* **PROBLEM STATEMENT**
Images within the entries are to be omitted; the remainder must be reproduced exactly.

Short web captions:
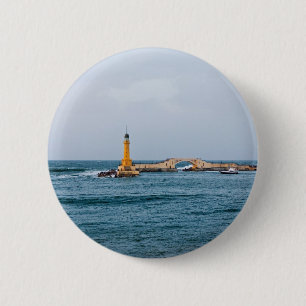 Light house 6 cm round badge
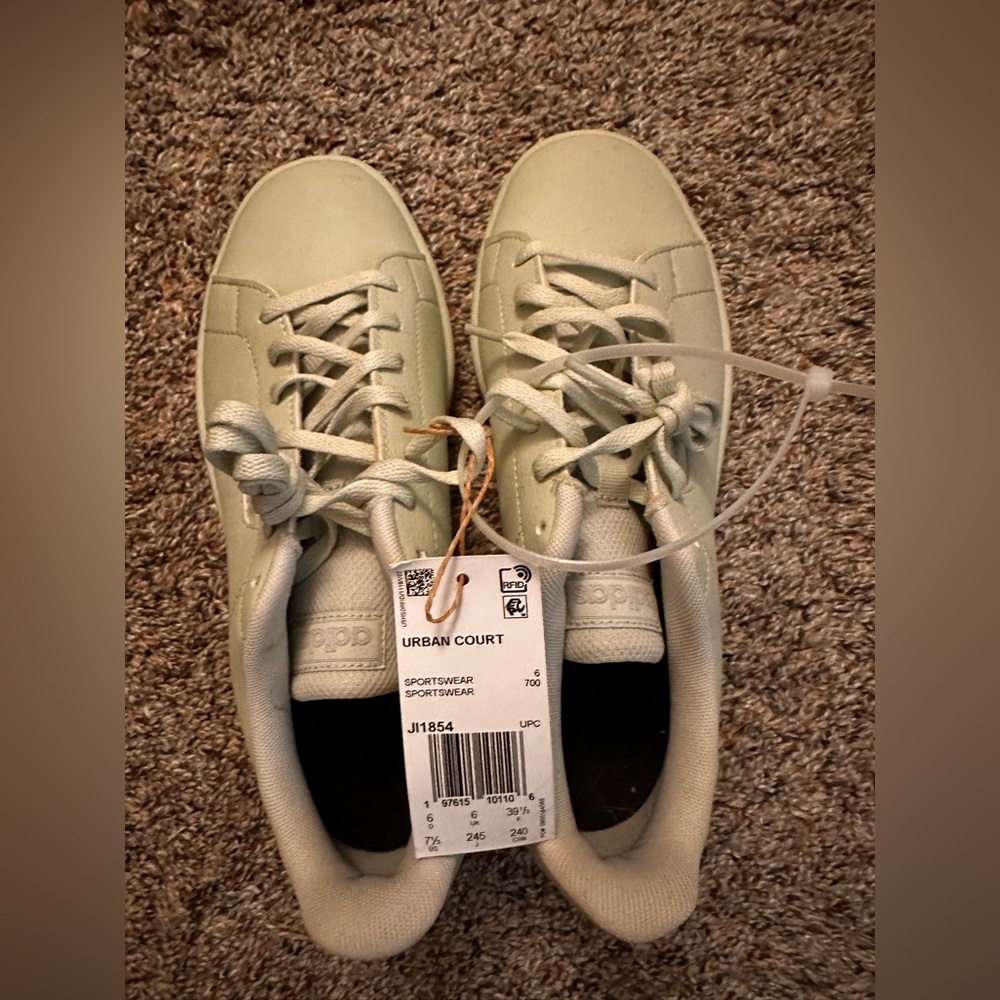 adidas Urban Court Sneakers in Light Sage Green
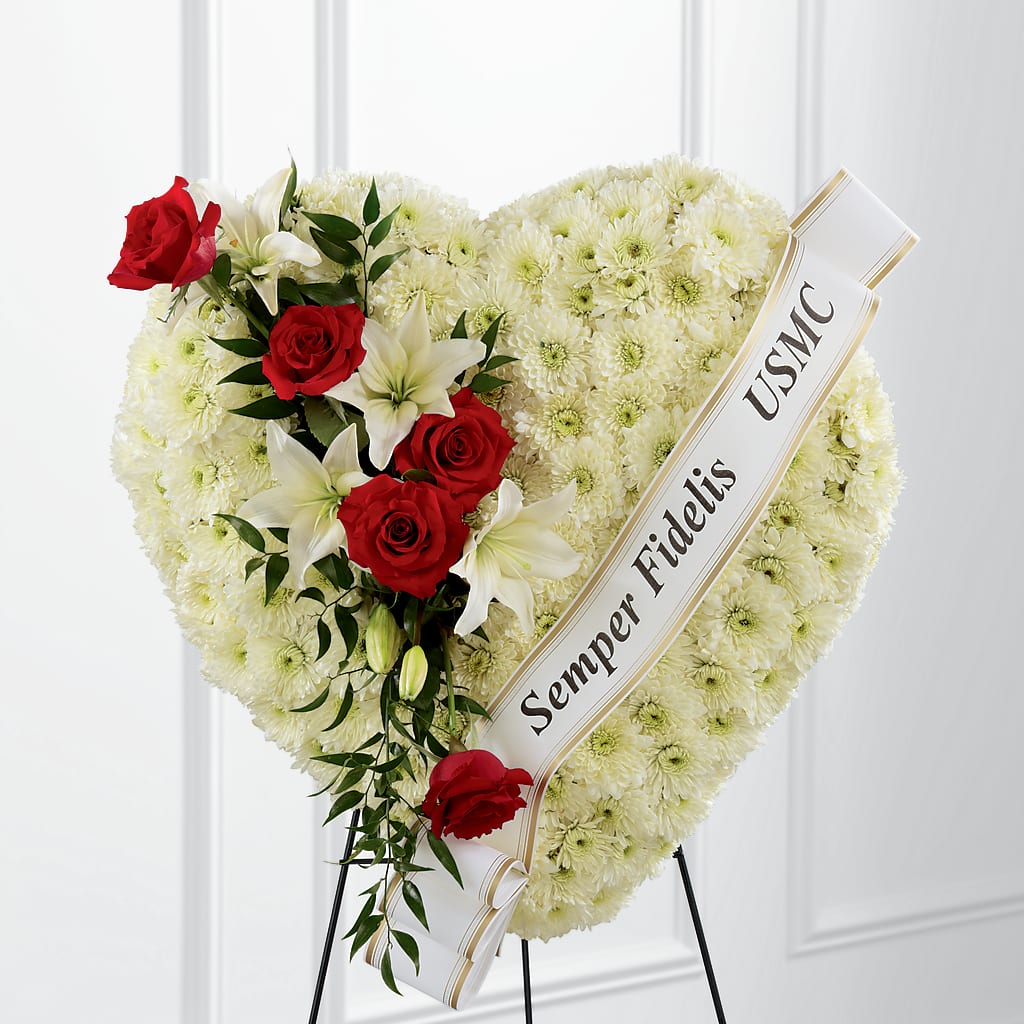 Heartfelt Hero Standing Heart – THE LADYBUG FLORAL & GIFTS, Berlin WI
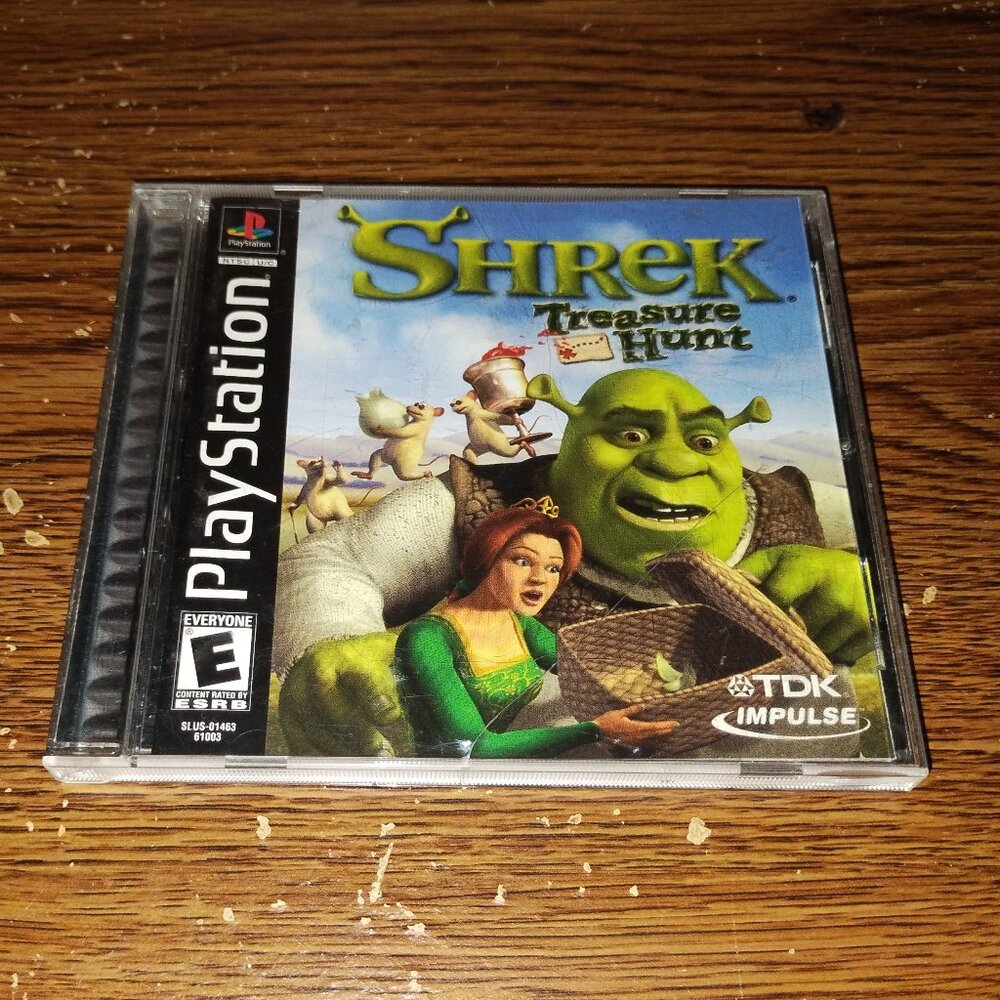 Shrek: Treasure Hunt (Sony PlayStation 1, 2002)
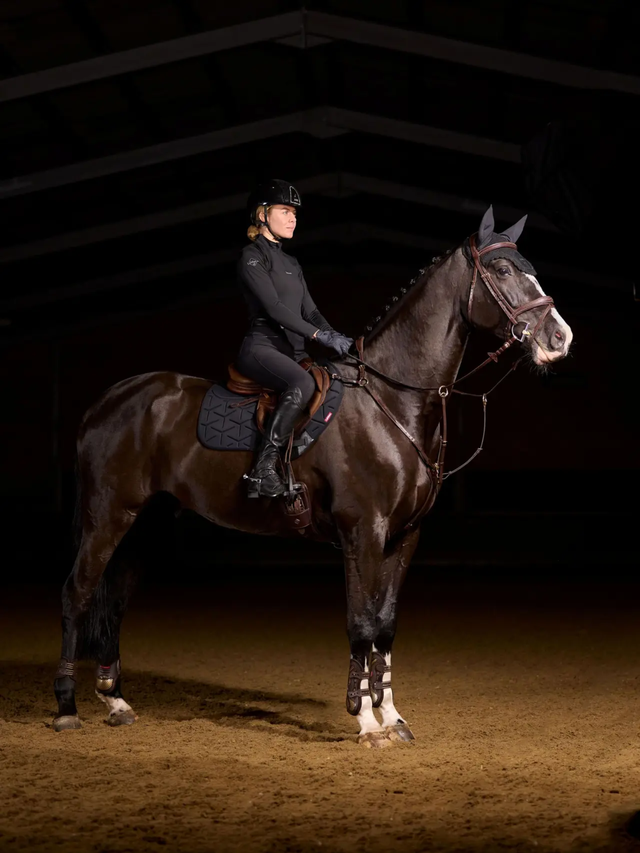 LeMieux ProForm Moulded Jump Saddle Pad Black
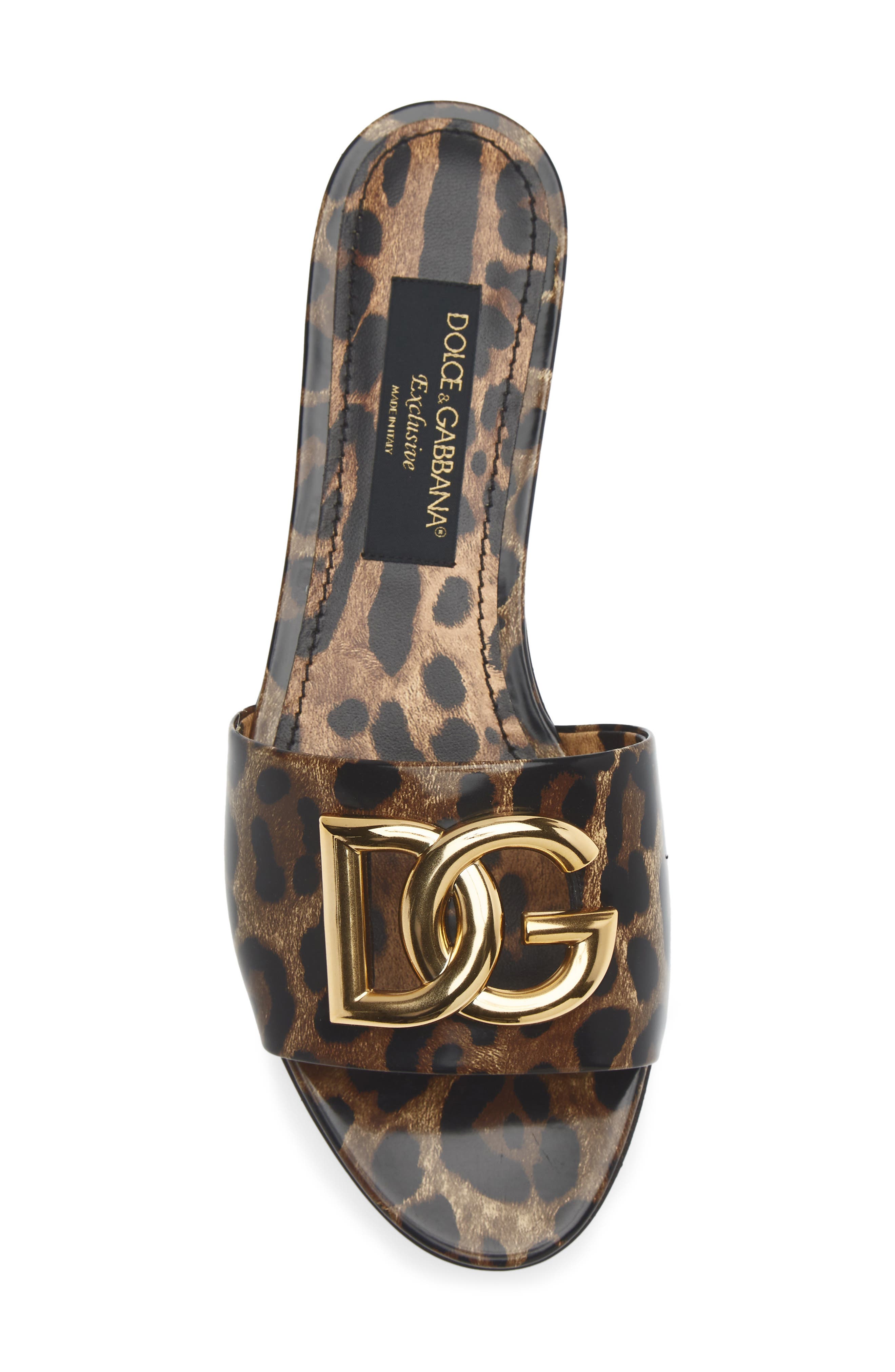 Bianca Leopard Slide Sandal, Alternate, color, HA93M LEO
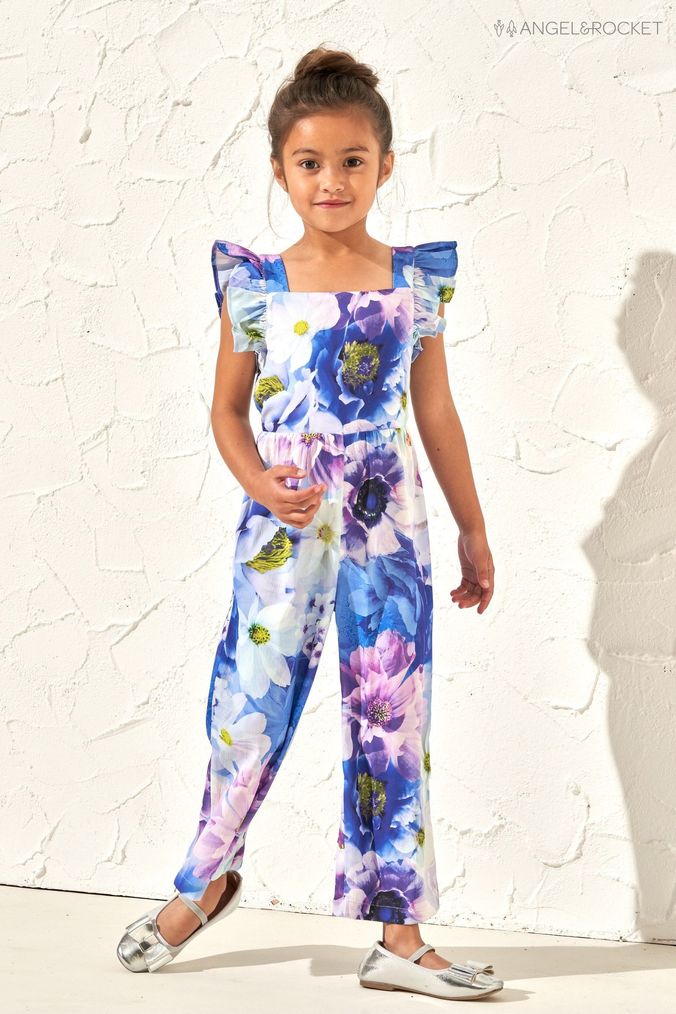 Girls purple jumpsuit new arrivals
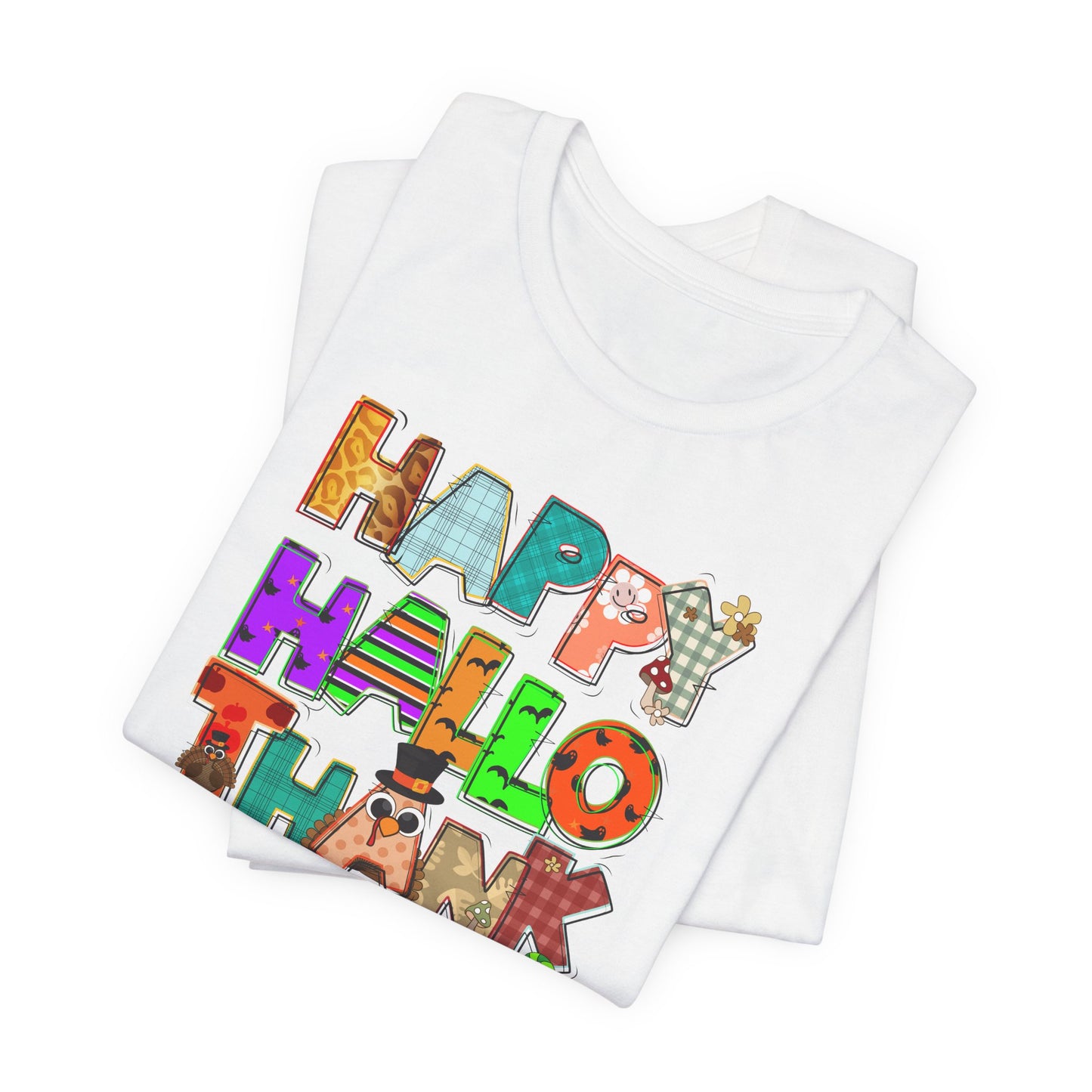 Hallothanksmas |Camisa para celebrar las tres festividades Halloween, Thanksgiving y Christmas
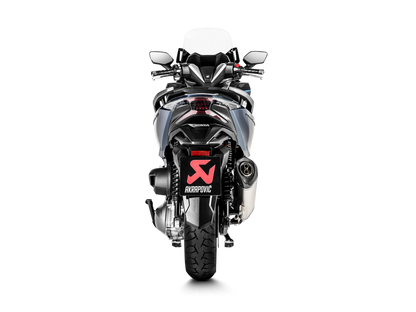 Akrapovic Slip-On Line Stainless Steel Muffler System w/Carbon End Cap for Honda Forza NSS300 18-20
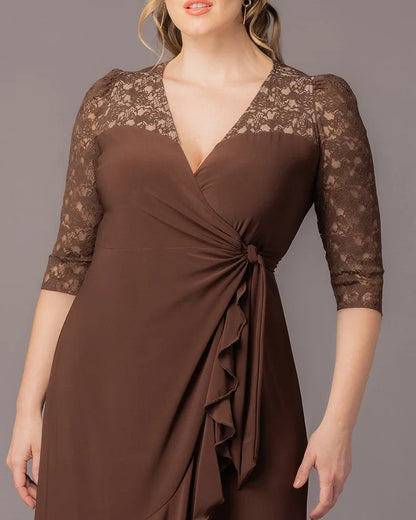 Lavish Lace Wrap Dress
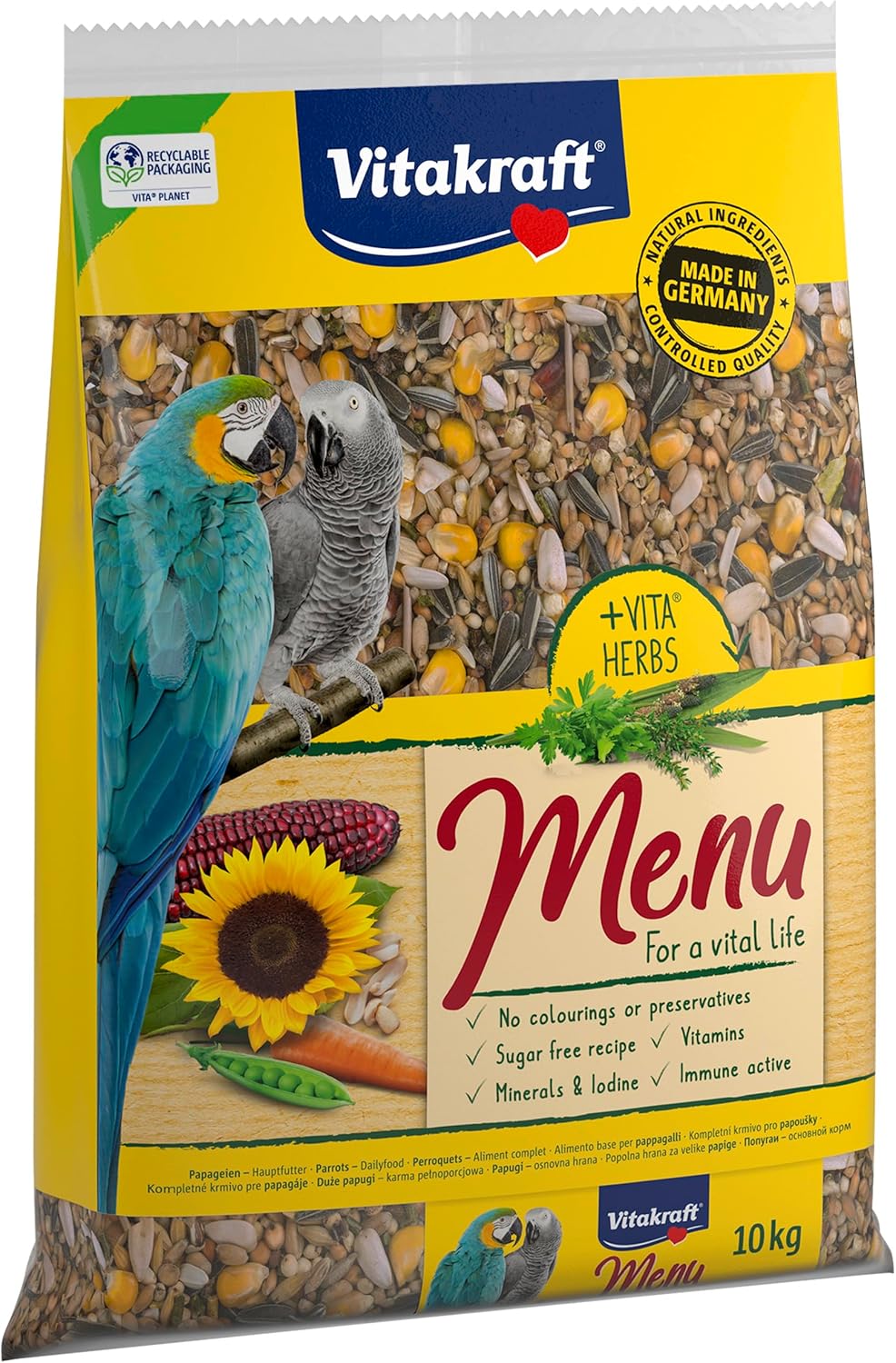 Vitakraft Menu 10 kg nourriture perroquets 🐦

* **SOLUTION**
 Light house 6 cm round badge
 adidas Urban Court Sneakers in Light Sage Green
 Heartfelt Hero Standing Heart – THE LADYBUG FLORAL & GIFTS, Berlin WI
 Shrek: Treasure Hunt (Sony PlayStation 1, 2002)
 LeMieux ProForm Moulded Jump Saddle Pad Black
 Bianca Leopard Slide Sandal, Alternate, color, HA93M LEO
 Girls purple jumpsuit new arrivals
 Hallothanksmas |Camisa para celebrar las tres festividades Halloween, Thanksgiving y Christmas
 Akrapovic Slip-On Line Stainless Steel Muffler System w/Carbon End Cap for Honda Forza NSS300 18-20
 Lavish Lace Wrap Dress
 Vitakraft Menu 10 kg nourriture perroquets 🐦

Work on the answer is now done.